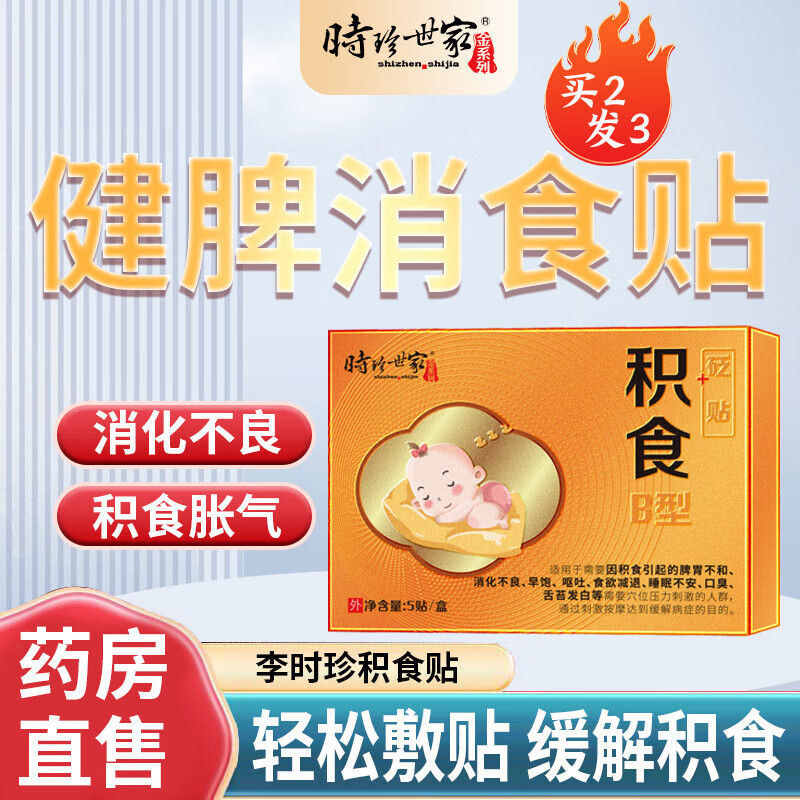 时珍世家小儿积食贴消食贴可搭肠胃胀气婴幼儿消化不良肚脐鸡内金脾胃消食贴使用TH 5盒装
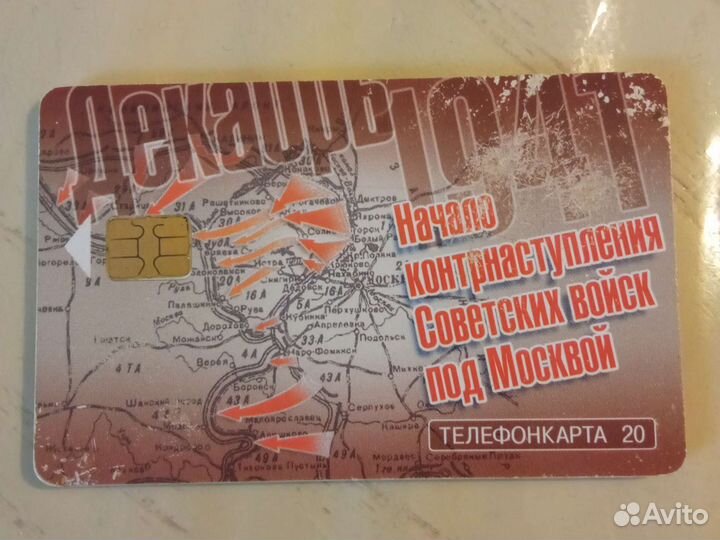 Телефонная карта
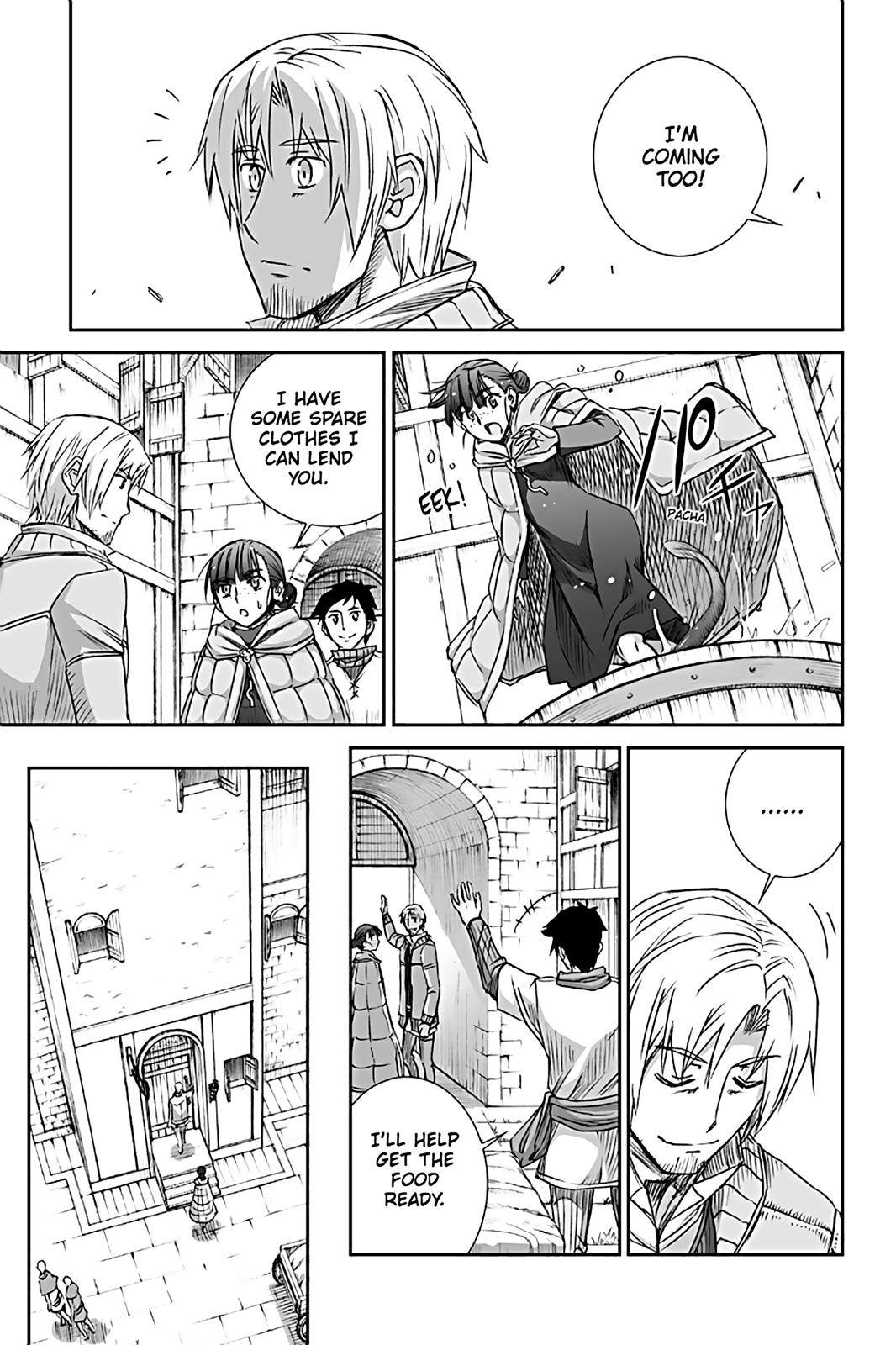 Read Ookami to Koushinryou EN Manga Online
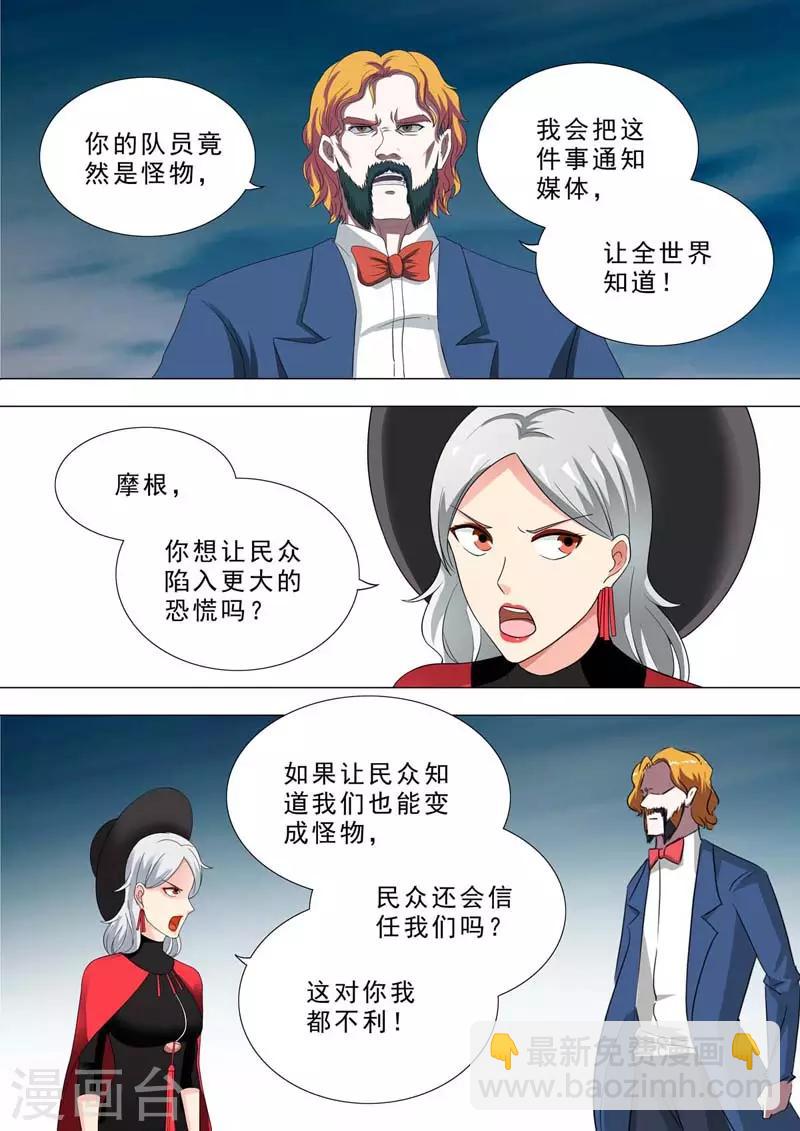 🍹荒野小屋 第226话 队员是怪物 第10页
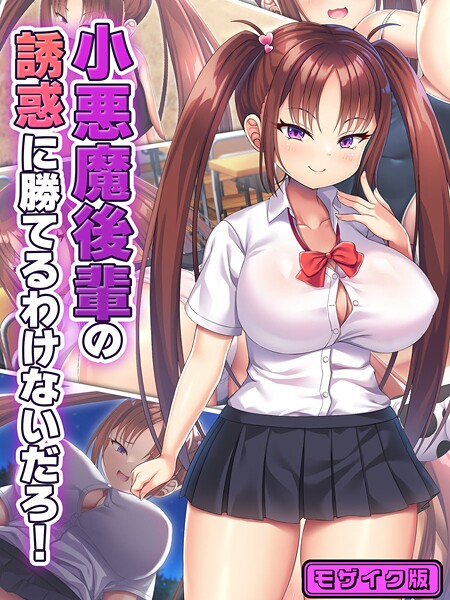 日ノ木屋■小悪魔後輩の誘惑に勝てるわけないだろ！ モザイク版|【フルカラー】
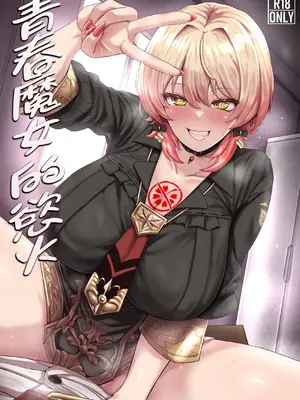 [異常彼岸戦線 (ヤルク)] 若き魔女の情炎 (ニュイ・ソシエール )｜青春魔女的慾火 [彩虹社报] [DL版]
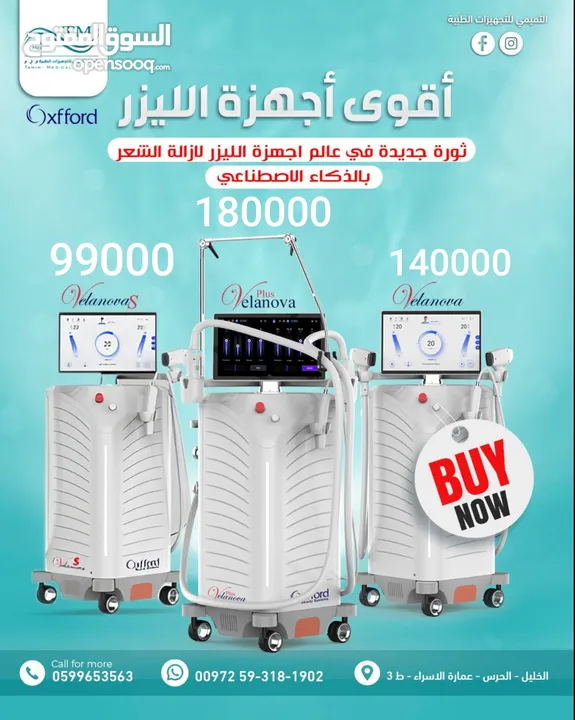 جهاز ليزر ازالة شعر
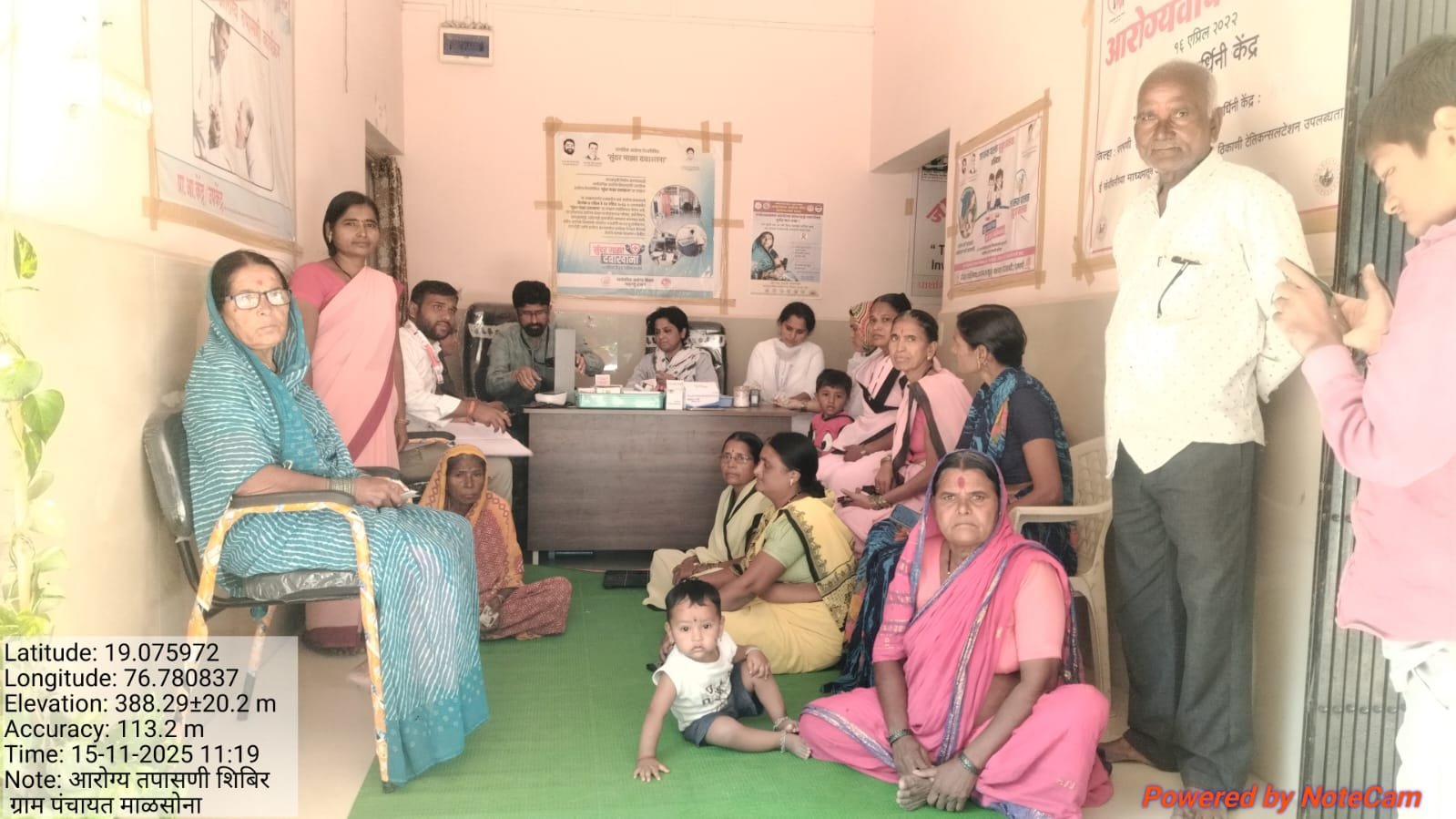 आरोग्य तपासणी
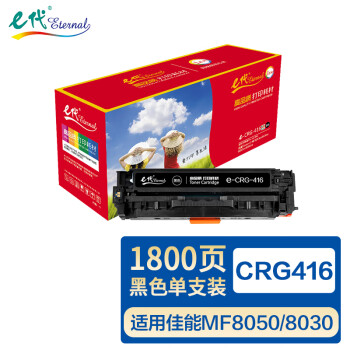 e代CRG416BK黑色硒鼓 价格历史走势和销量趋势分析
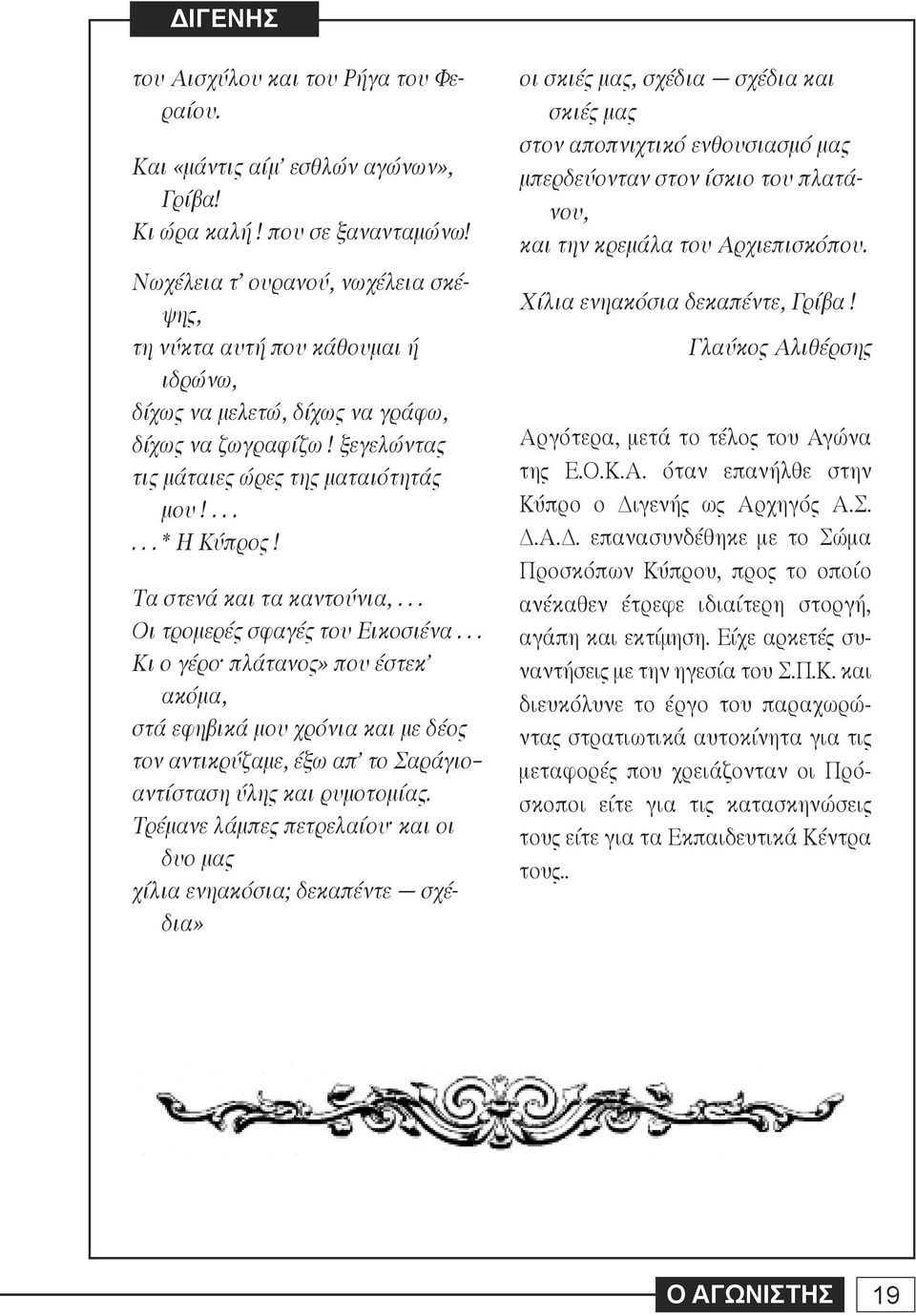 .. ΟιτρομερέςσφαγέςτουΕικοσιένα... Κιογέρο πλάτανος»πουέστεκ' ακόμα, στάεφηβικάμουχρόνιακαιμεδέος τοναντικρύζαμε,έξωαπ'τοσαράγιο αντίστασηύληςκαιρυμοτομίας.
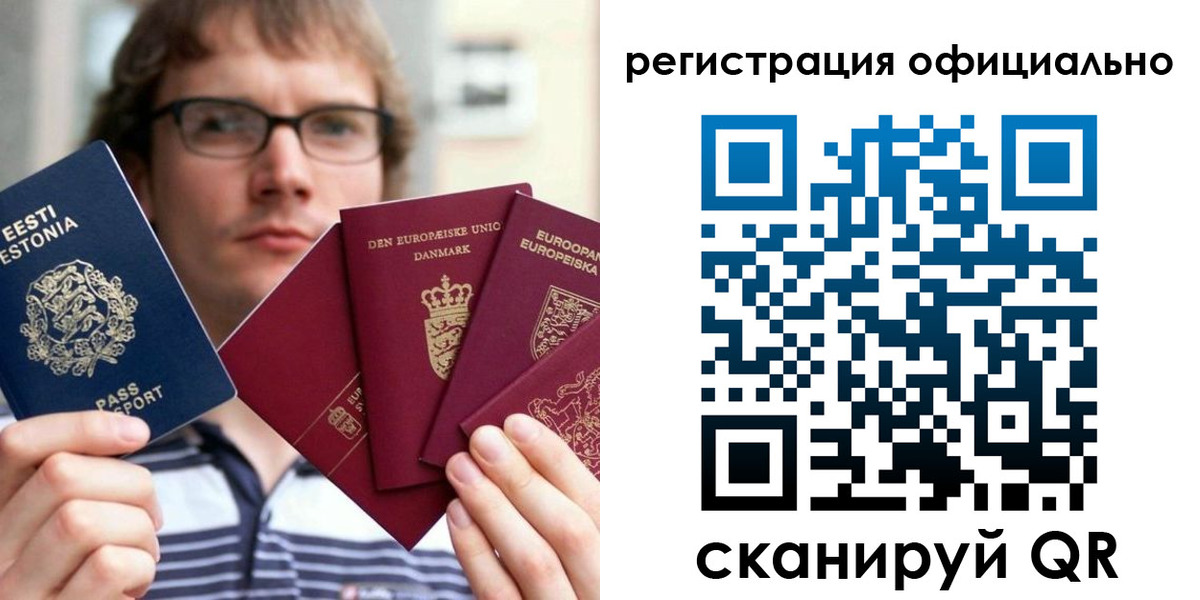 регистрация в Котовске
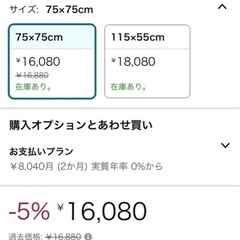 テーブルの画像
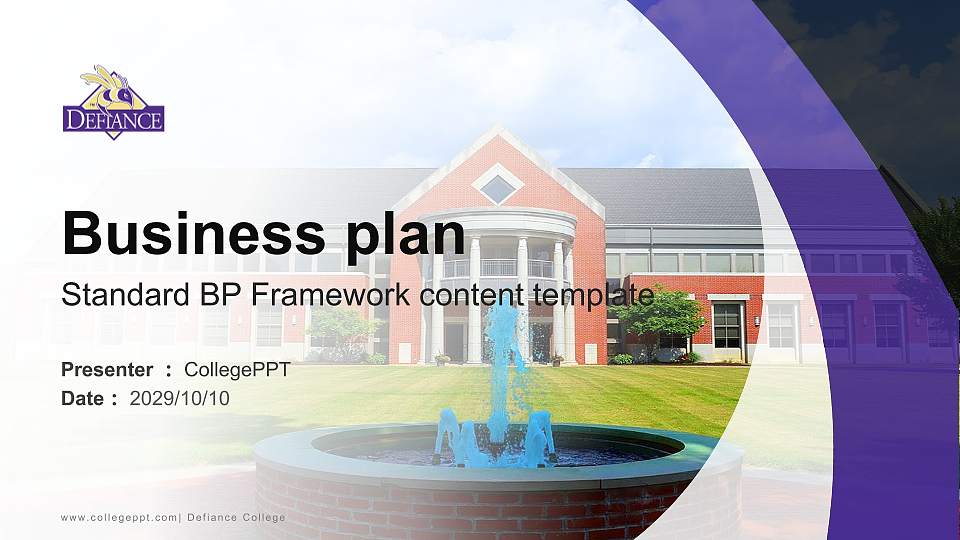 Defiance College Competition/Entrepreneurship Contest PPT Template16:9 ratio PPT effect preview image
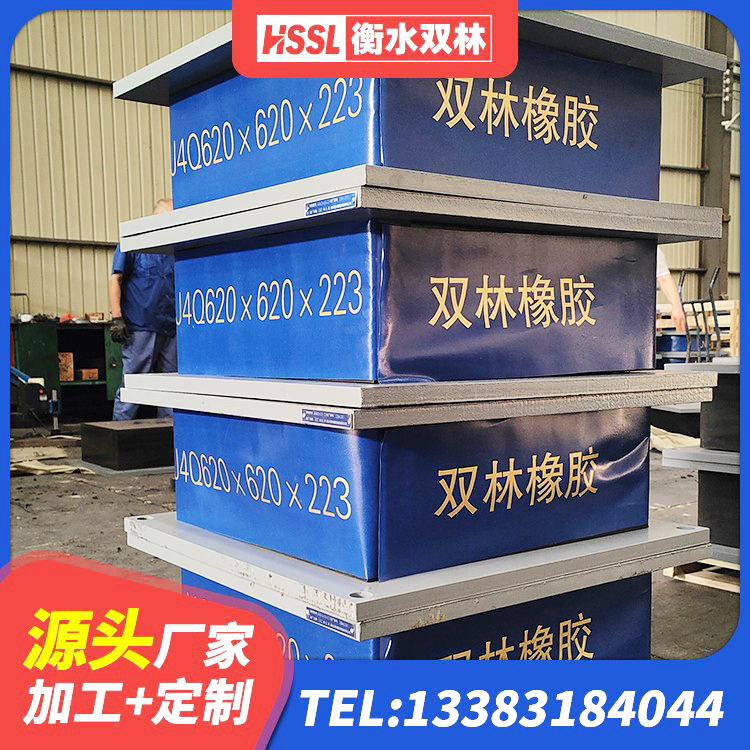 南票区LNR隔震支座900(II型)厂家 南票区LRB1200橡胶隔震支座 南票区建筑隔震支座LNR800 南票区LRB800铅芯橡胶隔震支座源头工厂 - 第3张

=== ACTIVITY ===
Each line of the data must be transcribed exactly; pictures are not carried over.

=== SOLUTION ===
 时珍世家小儿积食贴消食贴可搭肠胃胀气婴幼儿消化不良肚脐鸡内金脾胃消食贴使用TH 5盒装
 Телефонная карта
 Read Ookami to Koushinryou EN Manga Online
 🍹荒野小屋 第226话 队员是怪物 第10页
 日ノ木屋■小悪魔後輩の誘惑に勝てるわけないだろ！ モザイク版|【フルカラー】
 [異常彼岸戦線 (ヤルク)] 若き魔女の情炎 (ニュイ・ソシエール )｜青春魔女的慾火 [彩虹社报] [DL版]
 جهاز ليزر ازالة شعر
 आरोग्य तपासणी
 e代CRG416BK黑色硒鼓 价格历史走势和销量趋势分析
 .. ΟιτρομερέςσφαγέςτουΕικοσιένα... Κιογέρο πλάτανος»πουέστεκ' ακόμα, στάεφηβικάμουχρόνιακαιμεδέος τοναντικρύζαμε,έξωαπ'τοσαράγιο αντίστασηύληςκαιρυμοτομίας.
 регистрация в Котовске
 テーブルの画像
 Defiance College Competition/Entrepreneurship Contest PPT Template16:9 ratio PPT effect preview image
 南票区LNR隔震支座900(II型)厂家 南票区LRB1200橡胶隔震支座 南票区建筑隔震支座LNR800 南票区LRB800铅芯橡胶隔震支座源头工厂 - 第3张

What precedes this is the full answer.